> [The problem]: Only the pictures should be left out; repeat the rest of the data exactly.

---- Given material

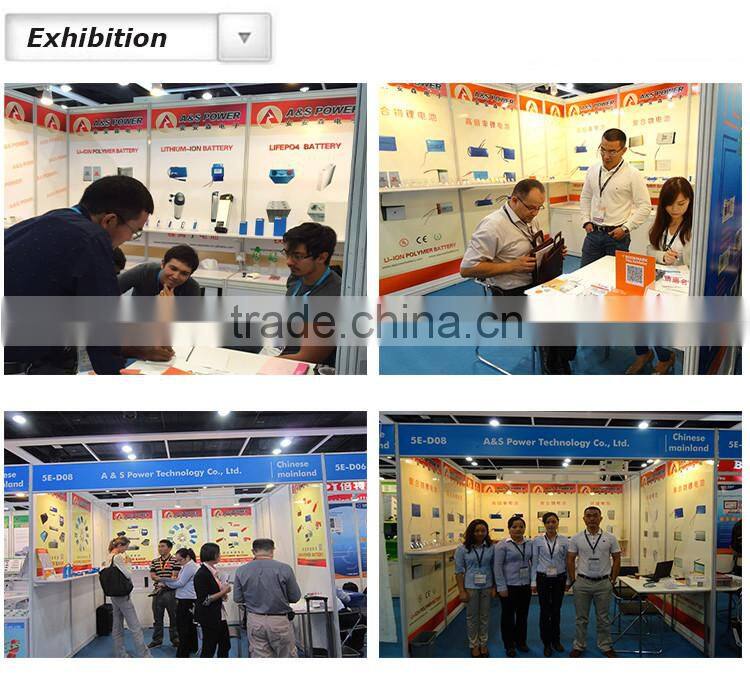 Lifepo4 Rechargeable Lithium Battery 12V 12Ah Pack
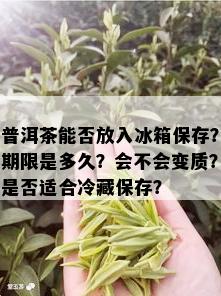 普洱茶能否放入冰箱保存？期限是多久？会不会变质？是否适合冷藏保存？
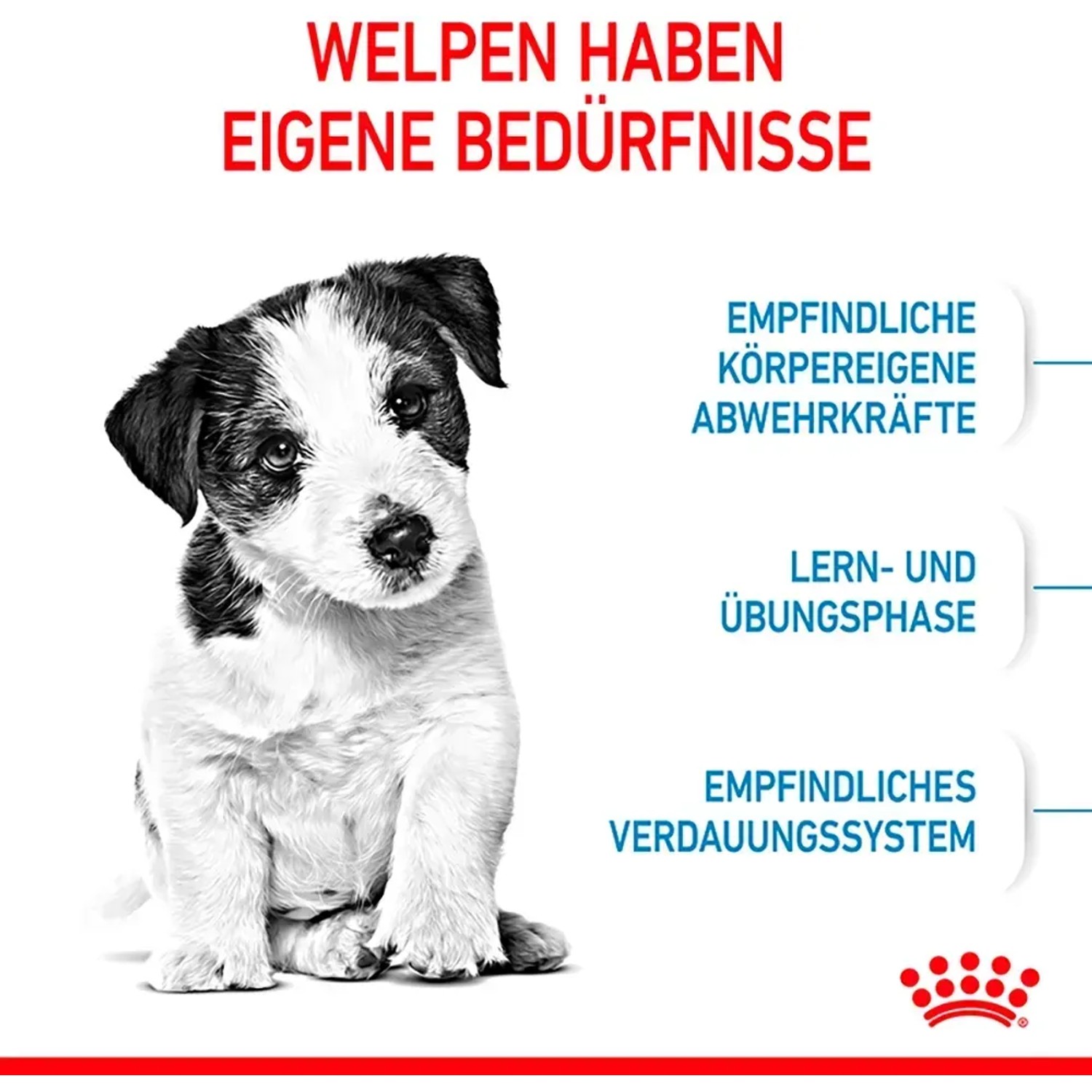 Cucciolo di piccola taglia, immagine del prodotto Royal Canin Mini Puppy cibo secco.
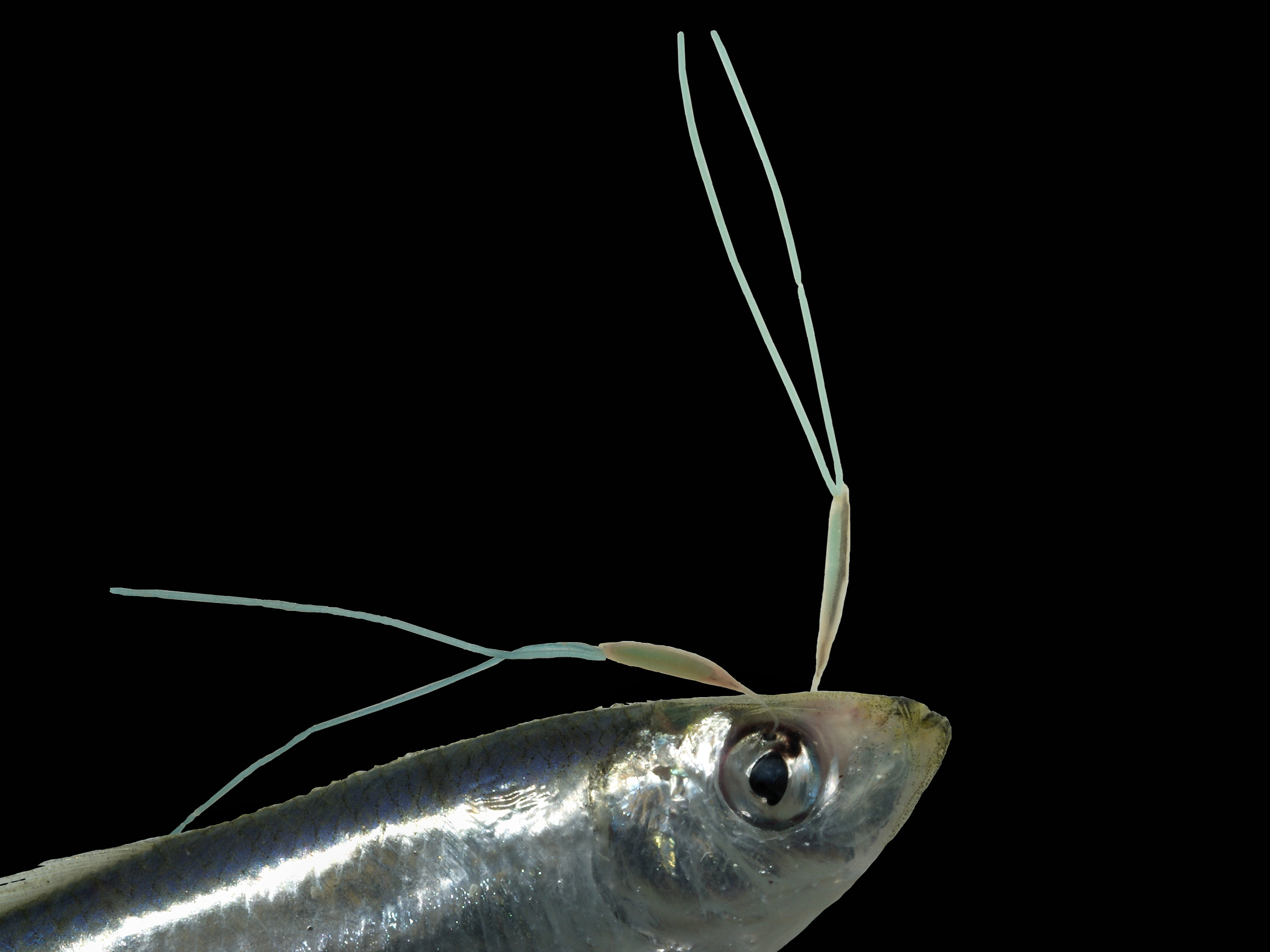 Lernaeenicus sprattae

--------

> [Response area]:
 Lifepo4 Rechargeable Lithium Battery 12V 12Ah Pack
 普洱茶能否放入冰箱保存？期限是多久？会不会变质？是否适合冷藏保存？
 Cucciolo di piccola taglia, immagine del prodotto Royal Canin Mini Puppy cibo secco.
 Lernaeenicus sprattae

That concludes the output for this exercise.